A jury of eight women and two men took about 10½ hours over two days hour before delivering the unanimous verdict at the federal courthouse.
Jones appeared to be fighting back tears and could be heard whispering towards the jury. The lead attorney for Jones, Eric Deters, who was in another trial when the verdict was announced, tweeted and posted on Facebook the following: "Today. A wise jury. A fair judge. A brave woman. Changed America for the better. This is historic. I am honored to be part of it."
Jones, 28, sued in 2009 after the website published comments alleging she was promiscuous and had sexually transmitted diseases.
During the first trial in January, jurors were unable to unanimously agree whether the posts about Jones having sex with all the Bengals players and likely having sexually transmitted diseases were substantially false. The Associated Press reported jurors were deadlocked 8-2 in favor of Jones.
Jurors did unanimously agree that Nik Richie, owner of TheDirty.com, did not act with malice when he posted the submissions, the AP reported. That means jurors would not have awarded Jones any money had they all been able to agree that the posts were substantially false.

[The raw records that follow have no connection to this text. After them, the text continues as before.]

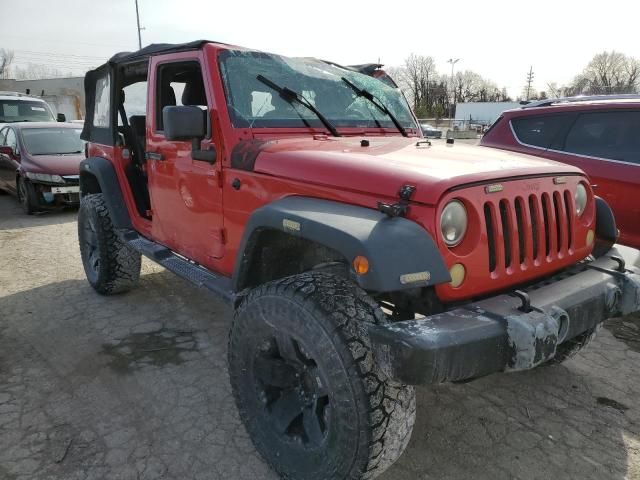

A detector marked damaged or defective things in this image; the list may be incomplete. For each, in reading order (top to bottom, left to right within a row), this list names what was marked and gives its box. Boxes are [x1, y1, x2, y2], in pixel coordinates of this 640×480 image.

damaged red sedan [0, 122, 84, 214]
cracked pavement [0, 193, 636, 478]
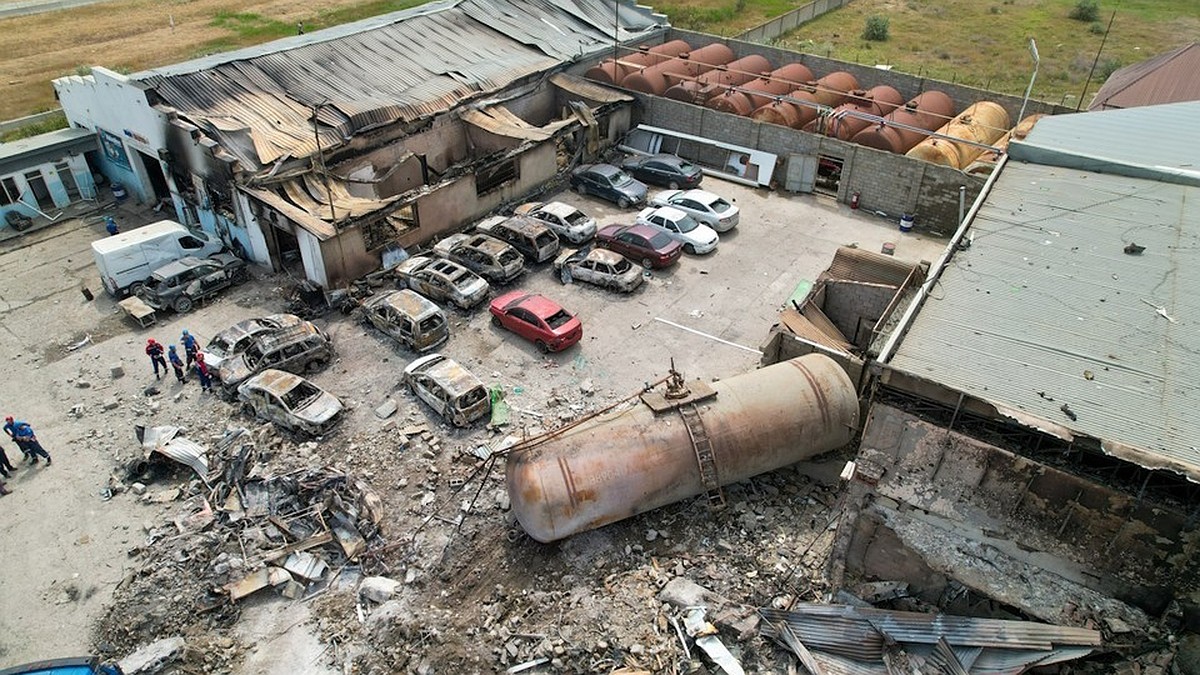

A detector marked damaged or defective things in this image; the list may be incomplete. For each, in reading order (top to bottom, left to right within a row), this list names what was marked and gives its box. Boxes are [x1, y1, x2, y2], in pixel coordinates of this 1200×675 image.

burned building [51, 0, 667, 285]
rusted metal roof panel [139, 1, 667, 169]
rusty metal tank [583, 39, 696, 85]
rusty metal tank [624, 43, 734, 96]
rusty metal tank [662, 54, 772, 103]
rusty metal tank [700, 62, 816, 116]
rusty metal tank [748, 70, 864, 129]
rusty metal tank [801, 85, 902, 139]
rusty metal tank [854, 90, 955, 154]
rusty metal tank [907, 100, 1012, 168]
rusted metal roof panel [1089, 40, 1200, 109]
broken window [475, 158, 518, 195]
burnt car [568, 163, 648, 207]
burnt car [619, 154, 700, 189]
burnt car [136, 252, 248, 312]
burnt car [391, 254, 489, 309]
burnt car [432, 233, 525, 282]
burnt car [472, 212, 556, 263]
burnt car [513, 200, 597, 246]
burnt car [554, 243, 648, 291]
burnt car [592, 222, 681, 266]
burnt car [201, 312, 304, 369]
burnt car [218, 319, 333, 393]
burnt car [236, 367, 345, 437]
burnt car [360, 289, 451, 353]
burnt car [405, 353, 489, 425]
burned building [830, 102, 1200, 629]
rusted metal roof panel [892, 159, 1200, 480]
rusty metal tank [506, 353, 864, 540]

First Amendment and technology experts began closely watching Jones' defamation case after U.S. District Judge William Bertelsman ruled the website was not shielded from liability by the Communications Decency Act of 1996. The decision, issued in January 2012, was seen as a departure from numerous other rulings protecting website operators who use material provided to them, known as third-party content.
Bertelsman found that Richie lost protection from the decency act because he commented on posts about her alleged sexual promiscuity.
His defense was that his comments were satire. TheDirty.com attorney David Gingras told jurors that no reasonable person would think Jones slept with the whole team.
The website trial was unrelated to Jones' sexual relationship with a student when she taught at Dixie Heights High School in Edgewood.
Jones pleaded guilty in October 2012 in state court to misdemeanor sexual misconduct and felony custodial interference and was sentenced to two years in prison. Her plea agreement allows her to avoid any confinement as long as she follows the terms of her probation for five years.
After her plea in the criminal case, Jones walked out of the courtroom at the end of that case holding hands with the student, Cody York. In June, Jones and York, now 18, announced on social media sites that they were engaged to be married.